Thursday, December 08, 2011

Spanish Cinema Now ’11: Every Song Talks About Me

As the son of Fernando Trueba, the director of Calle 54 and Chico & Rita (both destined to be considered classic odes to Afro-Cuban Jazz) one would naturally have high hopes for Jonás Trueba’s feature directorial debut. You might also expect him to have good taste in music. Indeed, the younger Trueba certainly shows that much in Every Song Talks About Me (trailer here), an almost but not quite musical that screens this Saturday as part of the Film Society of Lincoln Center’s long-running annual series, Spanish Cinema Now.

May you never meet a duller self-pitying sad sack than twenty-nothing Ramiro. He has just been dumped by his longtime and first-real girl friend Andrea, for reasons that are obvious if you take a look at his life. A kind of-sort of poet working in his uncle’s bookstore, Ramiro is having trouble getting on with things, which is periodically emphasized by a handful of morose original songs featured heard non-diegetically on the film’s soundtrack. However, Trueba also includes generous samples of Bills Evans from his Claus Ogerman sessions, which of course are the essence of sophistication.

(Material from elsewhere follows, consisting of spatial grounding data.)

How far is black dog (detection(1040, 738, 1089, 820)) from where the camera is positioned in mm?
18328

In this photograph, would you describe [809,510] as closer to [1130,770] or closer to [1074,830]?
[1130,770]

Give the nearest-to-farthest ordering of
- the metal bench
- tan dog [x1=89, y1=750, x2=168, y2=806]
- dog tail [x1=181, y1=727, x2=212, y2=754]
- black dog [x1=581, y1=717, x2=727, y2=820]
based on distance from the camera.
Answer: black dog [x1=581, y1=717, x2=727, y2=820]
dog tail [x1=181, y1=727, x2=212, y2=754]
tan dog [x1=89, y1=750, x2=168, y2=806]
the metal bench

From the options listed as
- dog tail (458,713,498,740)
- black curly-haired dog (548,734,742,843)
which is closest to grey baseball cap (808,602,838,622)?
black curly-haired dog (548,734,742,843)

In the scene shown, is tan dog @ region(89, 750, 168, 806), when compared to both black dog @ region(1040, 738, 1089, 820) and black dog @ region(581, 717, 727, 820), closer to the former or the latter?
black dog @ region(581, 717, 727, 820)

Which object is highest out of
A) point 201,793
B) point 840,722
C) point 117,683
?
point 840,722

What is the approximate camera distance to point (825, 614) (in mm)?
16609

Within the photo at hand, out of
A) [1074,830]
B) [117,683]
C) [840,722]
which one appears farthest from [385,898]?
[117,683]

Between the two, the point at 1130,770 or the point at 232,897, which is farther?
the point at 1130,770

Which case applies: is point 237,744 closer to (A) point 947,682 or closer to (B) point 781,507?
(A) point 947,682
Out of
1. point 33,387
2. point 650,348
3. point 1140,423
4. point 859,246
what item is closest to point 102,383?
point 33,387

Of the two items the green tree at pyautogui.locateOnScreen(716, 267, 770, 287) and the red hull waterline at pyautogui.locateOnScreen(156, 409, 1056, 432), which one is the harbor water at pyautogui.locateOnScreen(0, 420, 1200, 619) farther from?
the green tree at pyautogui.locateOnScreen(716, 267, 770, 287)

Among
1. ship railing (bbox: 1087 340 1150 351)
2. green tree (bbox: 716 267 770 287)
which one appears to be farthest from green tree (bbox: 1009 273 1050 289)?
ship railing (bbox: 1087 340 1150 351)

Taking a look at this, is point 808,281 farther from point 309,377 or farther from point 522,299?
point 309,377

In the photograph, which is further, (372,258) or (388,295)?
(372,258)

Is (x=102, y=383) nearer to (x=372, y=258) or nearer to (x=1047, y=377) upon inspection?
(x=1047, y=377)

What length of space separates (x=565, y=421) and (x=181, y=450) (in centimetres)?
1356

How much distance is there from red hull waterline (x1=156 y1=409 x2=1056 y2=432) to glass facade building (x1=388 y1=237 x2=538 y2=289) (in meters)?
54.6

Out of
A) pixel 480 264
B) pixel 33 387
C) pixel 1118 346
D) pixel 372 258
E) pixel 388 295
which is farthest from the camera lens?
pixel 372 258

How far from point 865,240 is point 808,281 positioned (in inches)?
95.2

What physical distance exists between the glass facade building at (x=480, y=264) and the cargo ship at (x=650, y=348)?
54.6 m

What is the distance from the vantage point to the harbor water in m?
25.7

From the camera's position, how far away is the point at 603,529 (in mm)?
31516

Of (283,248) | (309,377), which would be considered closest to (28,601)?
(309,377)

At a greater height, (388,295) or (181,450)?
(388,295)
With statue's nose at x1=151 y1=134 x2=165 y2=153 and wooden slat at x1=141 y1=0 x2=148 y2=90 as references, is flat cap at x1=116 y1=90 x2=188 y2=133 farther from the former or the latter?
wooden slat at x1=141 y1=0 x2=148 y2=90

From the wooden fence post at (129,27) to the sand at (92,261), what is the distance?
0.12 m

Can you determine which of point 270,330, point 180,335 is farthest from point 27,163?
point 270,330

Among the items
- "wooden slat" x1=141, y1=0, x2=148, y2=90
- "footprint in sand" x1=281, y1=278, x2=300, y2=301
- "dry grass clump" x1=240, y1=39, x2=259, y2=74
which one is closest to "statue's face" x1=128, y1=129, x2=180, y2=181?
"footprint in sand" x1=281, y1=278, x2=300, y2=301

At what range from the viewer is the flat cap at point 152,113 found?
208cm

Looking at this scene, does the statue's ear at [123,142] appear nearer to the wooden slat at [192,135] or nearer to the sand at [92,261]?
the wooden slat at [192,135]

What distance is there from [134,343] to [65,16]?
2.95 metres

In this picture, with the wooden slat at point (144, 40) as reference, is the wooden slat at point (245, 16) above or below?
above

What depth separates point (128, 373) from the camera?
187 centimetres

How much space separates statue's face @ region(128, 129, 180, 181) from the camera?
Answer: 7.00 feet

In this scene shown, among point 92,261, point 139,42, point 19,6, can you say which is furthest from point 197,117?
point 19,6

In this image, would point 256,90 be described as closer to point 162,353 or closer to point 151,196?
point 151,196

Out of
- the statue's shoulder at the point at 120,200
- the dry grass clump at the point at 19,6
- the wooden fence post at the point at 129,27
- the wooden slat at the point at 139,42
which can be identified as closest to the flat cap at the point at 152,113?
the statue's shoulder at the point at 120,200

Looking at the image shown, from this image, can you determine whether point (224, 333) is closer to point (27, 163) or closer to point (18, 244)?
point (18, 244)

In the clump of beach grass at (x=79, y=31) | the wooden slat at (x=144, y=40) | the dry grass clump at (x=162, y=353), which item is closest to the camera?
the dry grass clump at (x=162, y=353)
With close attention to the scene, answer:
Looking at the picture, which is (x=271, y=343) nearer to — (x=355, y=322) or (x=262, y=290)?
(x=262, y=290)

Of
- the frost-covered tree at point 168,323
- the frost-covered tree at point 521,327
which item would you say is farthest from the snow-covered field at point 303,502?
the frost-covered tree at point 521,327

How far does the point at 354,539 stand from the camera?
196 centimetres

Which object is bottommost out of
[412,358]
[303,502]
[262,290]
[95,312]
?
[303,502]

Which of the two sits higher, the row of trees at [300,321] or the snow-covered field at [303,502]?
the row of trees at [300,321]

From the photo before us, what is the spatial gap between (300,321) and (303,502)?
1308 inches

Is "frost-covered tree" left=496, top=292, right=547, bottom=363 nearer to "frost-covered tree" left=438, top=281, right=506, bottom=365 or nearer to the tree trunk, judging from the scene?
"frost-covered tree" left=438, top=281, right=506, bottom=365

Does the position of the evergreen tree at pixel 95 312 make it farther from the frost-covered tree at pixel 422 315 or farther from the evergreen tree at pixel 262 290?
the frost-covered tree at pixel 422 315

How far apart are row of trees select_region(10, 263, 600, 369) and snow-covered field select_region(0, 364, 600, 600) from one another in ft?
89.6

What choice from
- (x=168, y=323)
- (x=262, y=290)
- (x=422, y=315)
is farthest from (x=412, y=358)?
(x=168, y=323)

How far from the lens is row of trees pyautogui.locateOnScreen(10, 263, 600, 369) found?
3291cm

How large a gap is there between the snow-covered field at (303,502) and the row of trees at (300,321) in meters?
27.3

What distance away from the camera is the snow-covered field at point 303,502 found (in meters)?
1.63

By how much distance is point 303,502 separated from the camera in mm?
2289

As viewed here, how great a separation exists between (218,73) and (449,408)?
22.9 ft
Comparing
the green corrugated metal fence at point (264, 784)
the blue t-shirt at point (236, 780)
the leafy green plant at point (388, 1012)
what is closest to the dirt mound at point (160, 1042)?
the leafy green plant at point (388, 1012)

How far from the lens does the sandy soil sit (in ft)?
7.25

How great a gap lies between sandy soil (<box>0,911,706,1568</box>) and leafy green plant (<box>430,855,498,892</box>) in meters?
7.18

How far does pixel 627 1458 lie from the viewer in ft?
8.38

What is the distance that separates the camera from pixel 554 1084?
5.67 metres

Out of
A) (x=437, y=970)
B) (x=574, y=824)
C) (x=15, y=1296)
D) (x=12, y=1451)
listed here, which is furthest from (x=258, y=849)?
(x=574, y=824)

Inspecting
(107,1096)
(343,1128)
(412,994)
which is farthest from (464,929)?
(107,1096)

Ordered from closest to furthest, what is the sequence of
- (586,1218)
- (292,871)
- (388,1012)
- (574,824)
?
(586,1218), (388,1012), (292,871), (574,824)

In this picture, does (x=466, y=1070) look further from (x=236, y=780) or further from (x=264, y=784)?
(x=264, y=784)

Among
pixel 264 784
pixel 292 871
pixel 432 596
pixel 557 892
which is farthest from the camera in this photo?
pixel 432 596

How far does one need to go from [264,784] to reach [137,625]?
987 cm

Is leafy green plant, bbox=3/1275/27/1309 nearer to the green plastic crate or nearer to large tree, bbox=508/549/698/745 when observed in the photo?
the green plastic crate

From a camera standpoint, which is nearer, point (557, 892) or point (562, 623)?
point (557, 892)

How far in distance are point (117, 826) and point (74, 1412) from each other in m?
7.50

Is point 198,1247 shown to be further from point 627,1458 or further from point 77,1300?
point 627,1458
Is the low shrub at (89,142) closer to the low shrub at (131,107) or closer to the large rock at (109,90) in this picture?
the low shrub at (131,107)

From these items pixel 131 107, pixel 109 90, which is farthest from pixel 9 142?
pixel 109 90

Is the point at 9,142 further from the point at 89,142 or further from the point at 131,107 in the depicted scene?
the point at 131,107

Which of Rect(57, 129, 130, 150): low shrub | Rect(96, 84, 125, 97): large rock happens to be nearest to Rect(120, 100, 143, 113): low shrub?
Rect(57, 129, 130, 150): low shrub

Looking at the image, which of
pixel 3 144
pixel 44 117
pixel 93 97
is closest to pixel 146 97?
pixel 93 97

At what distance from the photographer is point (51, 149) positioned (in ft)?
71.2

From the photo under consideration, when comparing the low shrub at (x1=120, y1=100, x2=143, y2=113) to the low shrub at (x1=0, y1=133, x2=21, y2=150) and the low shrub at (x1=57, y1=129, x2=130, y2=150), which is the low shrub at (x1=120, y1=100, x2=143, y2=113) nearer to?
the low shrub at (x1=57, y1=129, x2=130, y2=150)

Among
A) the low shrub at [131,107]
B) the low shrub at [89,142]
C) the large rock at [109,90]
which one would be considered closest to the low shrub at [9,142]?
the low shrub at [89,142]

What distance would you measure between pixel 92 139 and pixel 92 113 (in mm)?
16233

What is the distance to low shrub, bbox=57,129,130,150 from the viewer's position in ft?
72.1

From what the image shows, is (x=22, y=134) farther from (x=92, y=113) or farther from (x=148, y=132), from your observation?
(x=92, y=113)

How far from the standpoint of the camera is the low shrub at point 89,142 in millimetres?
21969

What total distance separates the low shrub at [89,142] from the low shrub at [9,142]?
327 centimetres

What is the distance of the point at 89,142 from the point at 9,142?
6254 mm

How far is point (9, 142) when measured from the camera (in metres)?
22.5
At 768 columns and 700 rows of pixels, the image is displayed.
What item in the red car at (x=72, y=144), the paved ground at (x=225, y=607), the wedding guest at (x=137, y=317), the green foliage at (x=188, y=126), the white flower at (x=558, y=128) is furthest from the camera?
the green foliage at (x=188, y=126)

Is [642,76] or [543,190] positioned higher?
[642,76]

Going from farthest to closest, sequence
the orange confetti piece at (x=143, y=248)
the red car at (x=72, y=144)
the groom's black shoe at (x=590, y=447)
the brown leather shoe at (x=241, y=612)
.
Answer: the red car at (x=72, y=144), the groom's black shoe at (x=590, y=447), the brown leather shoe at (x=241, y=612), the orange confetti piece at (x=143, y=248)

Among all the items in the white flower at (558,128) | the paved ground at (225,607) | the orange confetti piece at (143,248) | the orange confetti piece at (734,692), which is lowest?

Unfortunately, they are accompanying Ramiro as he tentatively pursues replacement romances and toys with the idea of teaching Spanish in Canada. Essentially, he becomes just as bored by his own subplots as the audience is. However, Trueba completes a Hail Mary pass in Song’s final scene, cranking up The Bad Plus’s cascading “Silence is the Question” (from their debut CD, These Are the Vistas) to create genuine excitement as Ramiro opens up his soul to Andrea. It is a hugely cinematic moment, musically and dramatically, demonstrating the potential power of licensed music when employed shrewdly. There is only of them in the picture though, courtesy of Reid Anderson, Ethan Iverson, and Dave King.

To be fair, Bárabara Lennie is a bright, attractive screen presence as Andrea. It is easy to understand why she would give the mopey Ramiro the heave-ho. Oriol Vila pretty much nails the self-absorbed slacker vibe, but as our lovelorn protagonist, he just hits that same note over and over, up until the final parting shot.

Song is better than dozens of navel-gazing indie films released every month, like for instance the tiresome Answers to Nothing, but there are considerably richer films at this year’s Spanish Cinema Now that should be far higher priorities for viewers. Cinematographer Santiago Racaj evocatively captures both the romantic and hipster sides of Madrid and the licensed jazz soundtrack is pitch-perfect. Unfortunately, the inherent drama and characters are rather shop-worn. For Spanish cinema devotees, it screens this Saturday (12/10) and the following Wednesday (12/14) at the Walter Reade Theater.